***** Data for this task

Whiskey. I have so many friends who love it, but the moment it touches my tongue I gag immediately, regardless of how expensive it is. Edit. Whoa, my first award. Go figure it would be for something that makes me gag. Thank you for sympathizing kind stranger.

**********
***** Data for this task

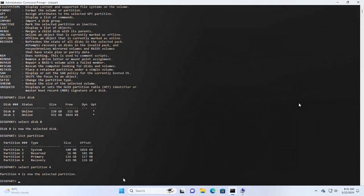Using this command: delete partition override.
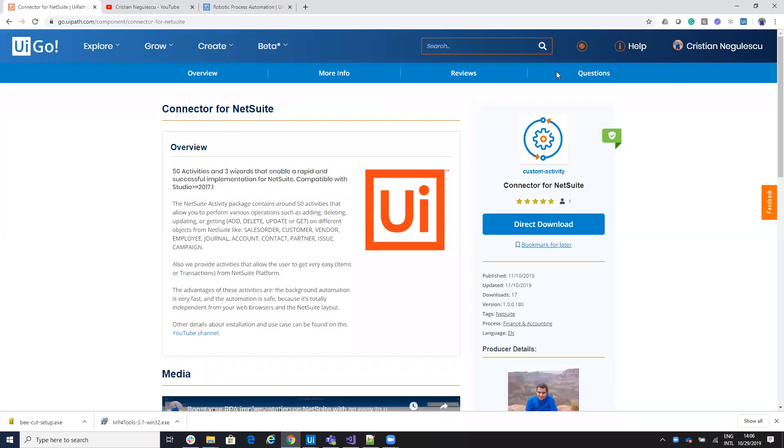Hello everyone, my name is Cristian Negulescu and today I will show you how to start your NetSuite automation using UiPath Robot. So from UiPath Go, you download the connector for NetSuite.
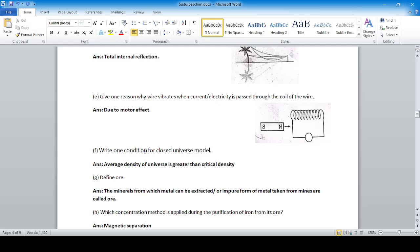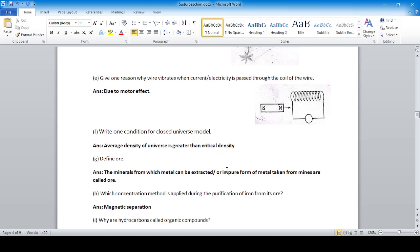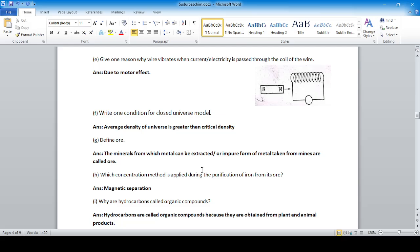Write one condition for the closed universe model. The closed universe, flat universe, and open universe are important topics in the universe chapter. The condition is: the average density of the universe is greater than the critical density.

**********
***** Data for this task

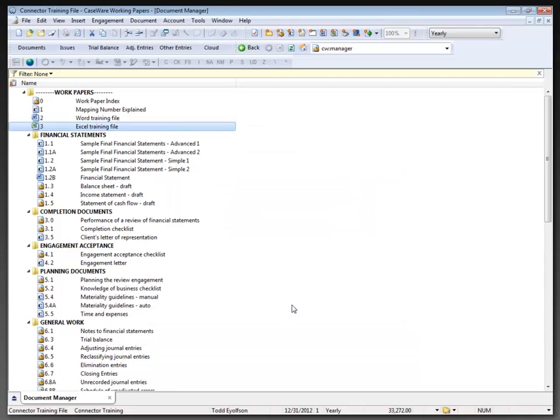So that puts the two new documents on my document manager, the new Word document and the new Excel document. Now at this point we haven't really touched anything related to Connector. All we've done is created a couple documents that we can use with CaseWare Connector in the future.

**********

Range to print from the listing above: from the line with "Using this command: delete" up to and including the line with "Write one condition". Please print those lines exactly, with no pictures and nothing more.

Using this command: delete partition override.
Hello everyone, my name is Cristian Negulescu and today I will show you how to start your NetSuite automation using UiPath Robot. So from UiPath Go, you download the connector for NetSuite.
Write one condition for the closed universe model. The closed universe, flat universe, and open universe are important topics in the universe chapter. The condition is: the average density of the universe is greater than the critical density.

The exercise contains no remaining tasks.